What is Meta Model?
Meta model is format that allows to captured detailed information about attributes of data sets that are to be processed.
What type of information can be captured in Meta Model?
The following types of information can be captured in meta model on a per attribute basis for a given entity.
Data set Description - The module, entity and description of the data set.
Attribute Description - Name, Description, Format and Length. This can be captured at both the data model and BI model levels.
Attribute Security - Masking requirement and masking information.
Attribute Transforms - Transform rule that need to be applied at the inbound and outbound. By default trim is applied to all categorical attributes.
Attribute Filtering - Whether the attribute should be part of data filterring process and if so what rule.
Attribute IQM - Whether the attribute should be utilized in IQM match. For more information on IQM, please refer to IQM FAQs and BAPCore documentation.
Attribute EDA - Whether the attribute should be utilized in EDA analysis.
Attribute Calendar - Whether the attribute should be utilized in calendar join operations.
Attribute Validation - Whether the attribute should be part of data validation process and if so what rule.
Attribute Quality - Whether the attribute should be part of data validation process and if so what rule.
What are the data types supported in meta model?
Currently character, integer and numeric are supported.
Should I specify data colums as character data type as well?
Yes.
How do I validate meta model against the data set?
Developers can use the dataops.applymodeldatacompatibility to check the compatibility of the metamodel with the data.
Where are the Meta Models stored?
Meta models are stored within the Meta folder of the core data lake (BAPCORE/Meta/BDL/Fact).
How is the storage and retrieval of Meta Models?
Meta models are stored within the Meta folder of the core data lake using the BAPCore API. They can be retrieved using the BAPCore API as well.
How is the life cycle of the Meta Model managed?
The most current version of Meta Model is stored in Current folder (BAPCORE/Meta/BDL/Fact/Current). The archived version is stored in Archive folder (BAPCORE/Meta/BDL/Fact/Archive). When a new version is pushed, the current version is moved to the archive folder.
Can I know what Meta Model was used for a particular batch process?
Every time an metamodel is used for any data movement, the defintion of the meta model is stored in the track folder (BAPCORE/Meta/BDL/Fact/Track) along with the batch_id of the data movement process.
Can I define more than one parent entity?
Currently, that is not supported. A child entity can only belong to one parent entity. If you specify more than one parent, workloads will fail on orphan and nested records processor.
How does nesting work if I can define only one parent entity?

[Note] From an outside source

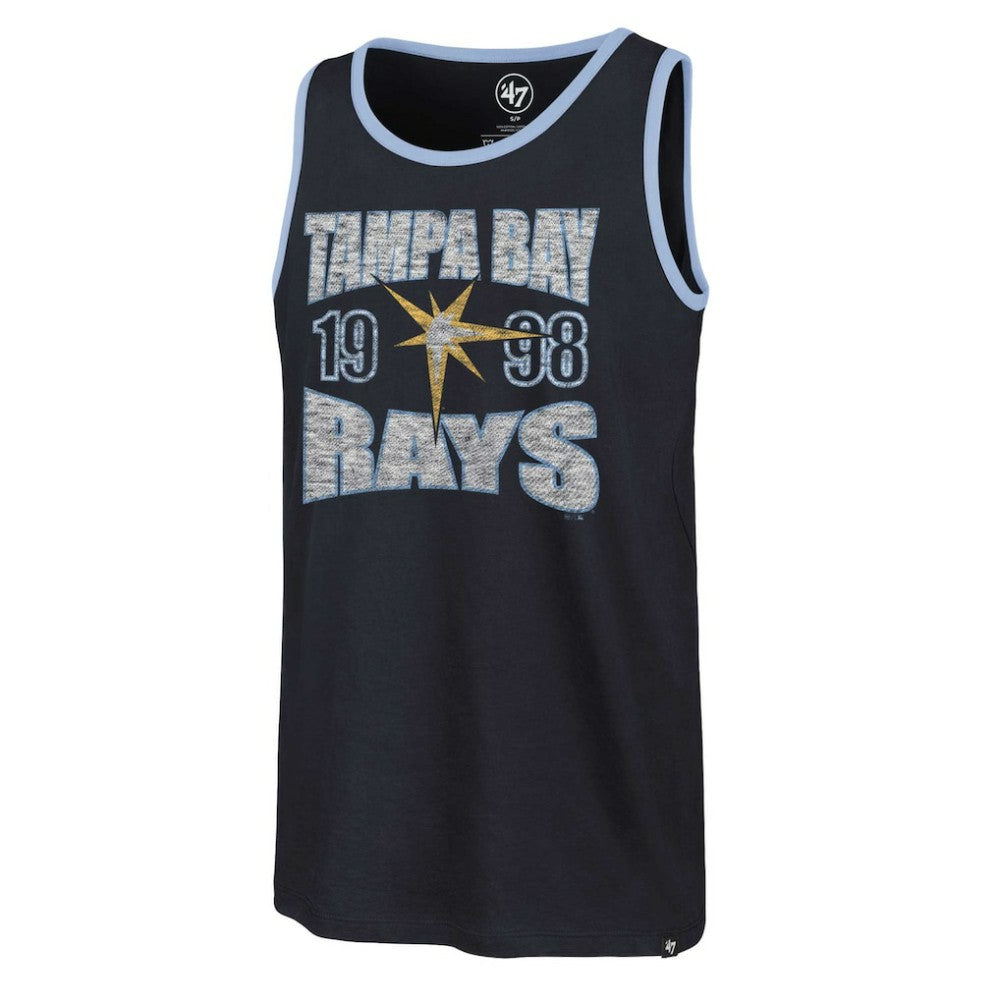 Navy Tampa Bay Rays '47 Upload Franklin Tank Top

When processing child entity, you can pass a coleasced meta model that has all parents to that particluar child based on strict parent child relationship. For example, X is the child of Y and Z is the child of X, you can pass the coalesced meta model (both X and Y) along with entity model Z while processing data set for Z.

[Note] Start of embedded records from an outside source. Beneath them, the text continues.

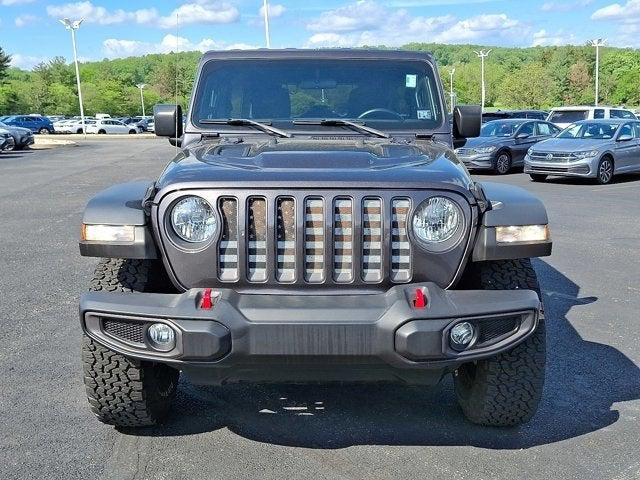 2021 Jeep Wrangler Unlimited Rubicon 4X4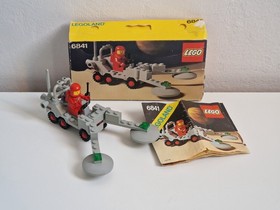 Lego Vintage Legoland Classic Space 6841 Mineral Detector Set, w Box N Instructed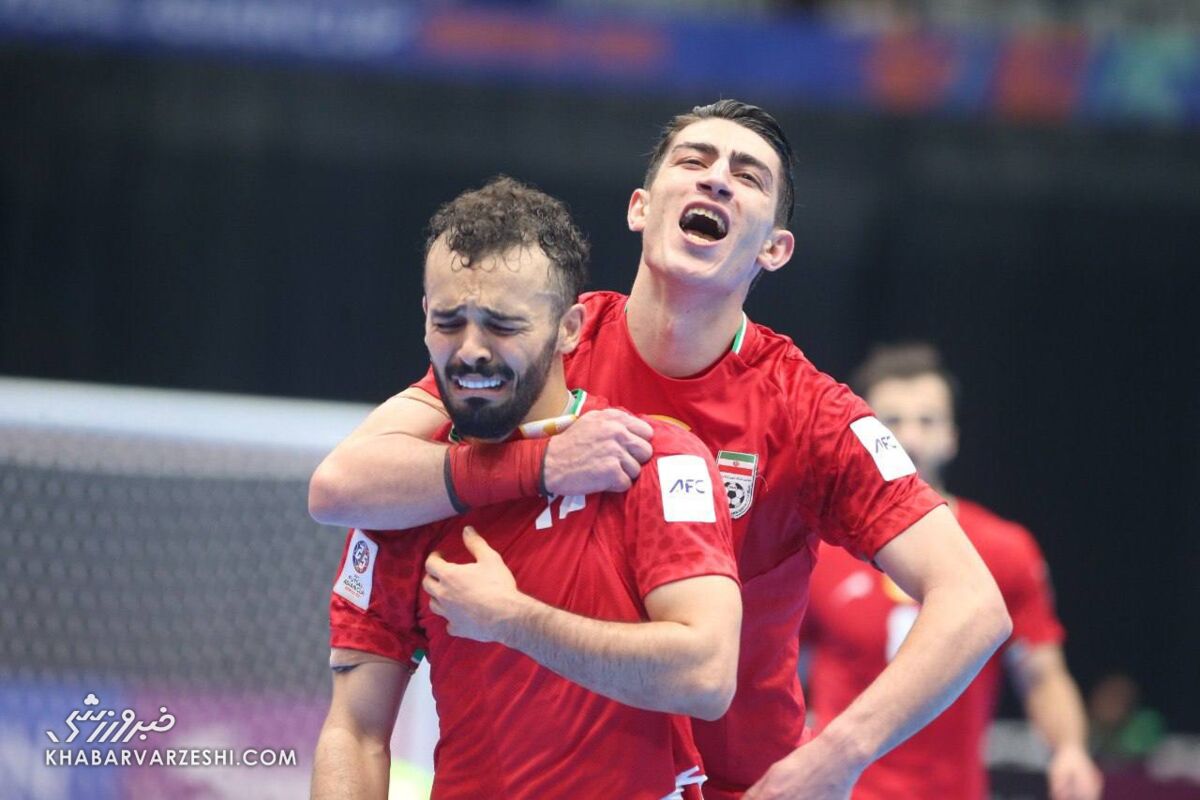فوتسال ایران با شکست عراق به فینال آسیا رسید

How are references to parent meta model stored in entity meta model for a particular batch process?
The parent meta model is coalesced with the entity meta model. The coalesced (entity meta model and parent entity meta model) are stored in the track folder (BAPCORE/Meta/BDL/Fact/Track) along with the batch_id of the data movement process. None of the attributes of the parent entity model are changed when coalesced with child entity model meta model. this helps in troubleshooting if all parent entity models are appropriately applied to child entity model for nesting processes.
What should the format of enttity_effective_date_time be?

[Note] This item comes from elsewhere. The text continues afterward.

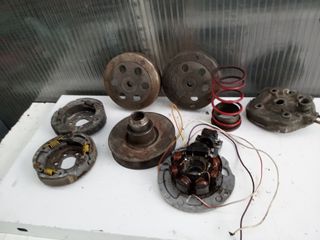 Restos Motor Minarelli Scooter 50cc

Entity effective datetime should be a string else metamodel.read will fail.
What are the best practices for meta model?
Special character issue in filter and validation rules - filter records process would fail. Error log will indicate ‘special character error’. Avoid special characters while defining filter and validation rules. If you are defining meta model in excel or csv, export that to an R file using dput function and search for any special characters and if there are ny special characters, remove those before saving the metamodel to the core data lake.
No parent is defined in meta model - If no parent information is defined in the meta model i.e parent location and parent attributes, no nested data would be created.
For integers, default should be ‘0' and for numeric, it should be ‘0.01’. For characters, the default value should be ‘NOT AVAILABLE’
Impute method for numeric and integer should be mean and for characters, it should be DEFAULT.
meta model column names should be all lower case.
IQM metric match should be ‘YES’ only for integer and numeric columns. This should be set to YES only for integer or numerical columns that are meaningful to data analysis. For example. you would set customer_credit_score and customer_age to ‘YES’ but not postal_code (if its defined as an integer).
IQM codes should be ‘YES' for characters columns. This should be set to YES only for categorical columns that are meaningful to data analysis. For example. you would set customer_type and customer_group to ‘YES’ but not customer_name or customer_id.
Entity Name should be exactly as defined in HDFS folder structure. The entity name is used to dynamically look up data lake paths.
EDA Dimensions should be ‘YES’ for character columns. This should be set to YES only for categorical columns that are meaningful to data analysis. For example. you would set customer_type and customer_group to ‘YES’ but not customer_name or customer_id.
EDA Metrics should be ‘YES’ for integer and numeric columns. This should be set to YES only for integer or numerical columns that are meaningful to data analysis. For example. you would set customer_credit_score and customer_age to ‘YES’ but not postal_code (if its defined as an integer).
EDA iterate by should be the as of date and only the as of date. This would allow for creating EDA analytics on daily basis.
Entity Attribute Calendar Join Key should only be specified as as of date and no other key.
Each record in meta model needs to be unique (entity names, object/BI names all need to be unique).